5.4 Exclusion under section 2(2)(c) of the Expropriation Act

[20] Section 2(2)(c) of the Act excludes the application of the Act in those cases where land is taken (or injuriously affected) by "a right exercisable, without payment of compensation, under an exception or reservation to which the title to land is subject". The Claimant says that this section does not apply because neither the Head Lease nor the NFHC/Regent lease specifically excludes a tenant's right to compensation if the waterlot is taken back or resumed under the terms of the lease. There is no question that the acquisition of the waterlot under paragraph 12 of the Head Lease is a right under a reservation to which the title to land is subject. Therefore, the only issue in the applicability of section 2(2)(c) to the present case is whether paragraph 12 of the Head Lease provides a right without payment of compensation. As we have indicated above, the fact that this acquisition is a resumption rather than an expropriation means that no compensation is payable. In addition, we have decided that the acquisition of the waterlot occurred as a result of the exercise of a right referred to in section 50 of the Land Act. It is therefore excluded from the definition of expropriation. If it is not an expropriation (nor an injurious affection) there is no ability to claim for compensation. The lack of express exclusion of compensation in either lease is irrelevant. We determine that, as a result of section 2(2)(c) of the Act, the Expropriation Act does not apply to the present circumstances.

 

6.  CONCLUSION

[21] We have concluded that the acquisition of the waterlot by MoTH from NFHC was a resumption under the reservation contained in paragraph 12 of the Head Lease. In our opinion, the terms of reservation in paragraph 12 of the Head Lease fit under section 50(4) of the Land Act and therefore the acquisition pursuant to these terms is not an expropriation by definition. Paragraph 12 also fits under section 9 of the Ministry of Lands, Parks and Housing Act. In any event, because the acquisition is a resumption rather than an expropriation, then under section 2(2)(c) of the Act, the Expropriation Act is excluded. In these circumstances, there has been no expropriation of the Claimant's interest as a sub-lessee in the waterlot. Thus, we grant MoTH's application for a declaration that we have no jurisdiction to consider the claims set out in the Form A. The Claimant's applications are dismissed.

[22] Both parties requested costs as part of their applications. Section 45 of the Act provides:

45 (3) Subject to subsection (4) to (6), a person whose interest or estate in land is expropriated is entitled to be paid costs necessarily incurred by the person for the purpose of asserting his or her claim for compensation or damages.
(6) On a claim under section 41(3), the board may award, in its discretion, costs to the claimant or the expropriation authority.

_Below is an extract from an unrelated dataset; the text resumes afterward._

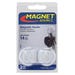 Magnetic Hook All Purpose White 2 Pack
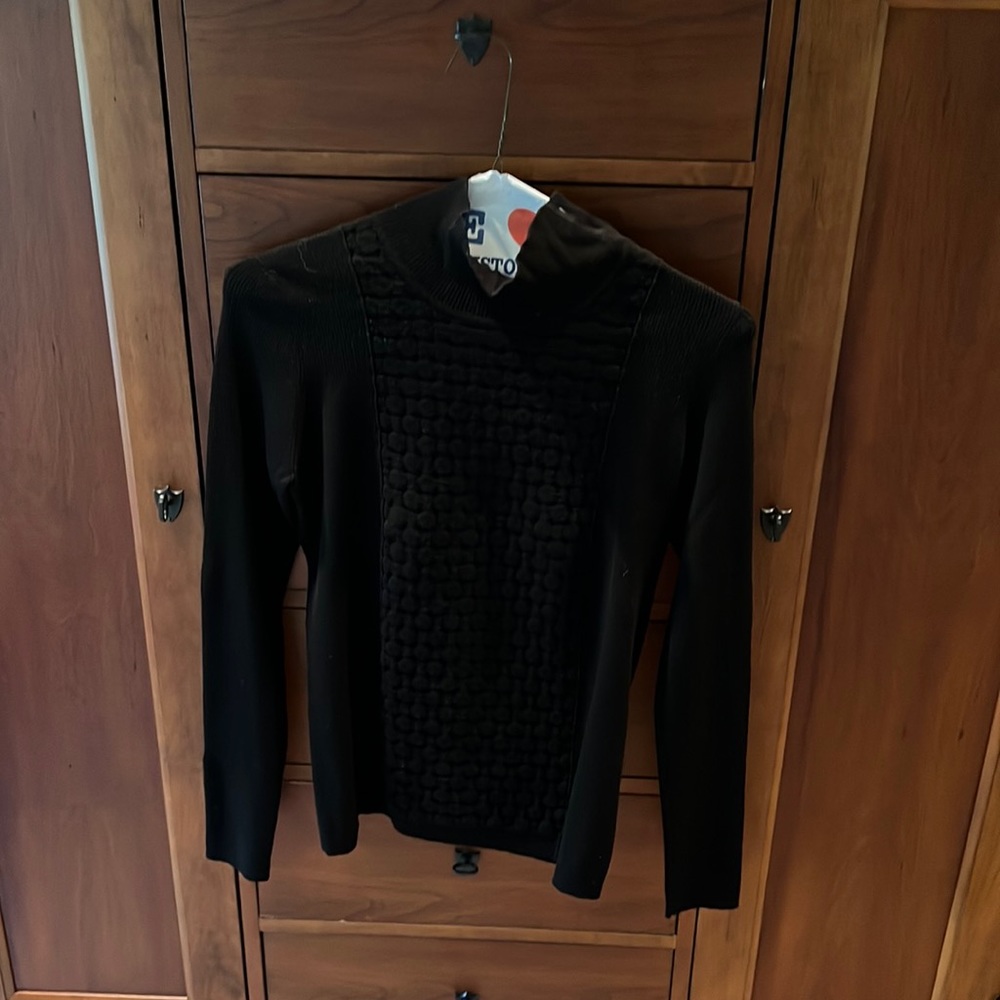 Chanel black sweater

Because there has been no expropriation, we do not have jurisdiction to award the Claimant its costs under section 45(3). See Reimer v Surrey (1997), 62 L.C.R. 222 and Mischek v British Columbia (Ministry of Transportation and Highways), unreported, ECB# 36/98/196 January 10, 2001. We have also dismissed the Claimant's application under section 41(3) with respect to its remaining interest in the waterlot being injuriously affected. Under this section we do have discretion to award costs on this claim. Although MoTH has been successful in its application on this issue, costs do not necessarily follow the event in expropriation matters. See El & El Investments Ltd. v. School District No. 36 (Surrey) (1996), 60 L.C.R. 41 at 52. We note that there were greater costs than there might have been when MoTH (and the Claimant) failed to provide the Head Lease and ancillary documents in the first application. However, the Head Lease was not relevant to the claim under section 41(3). In the circumstances each side is to bear its own costs.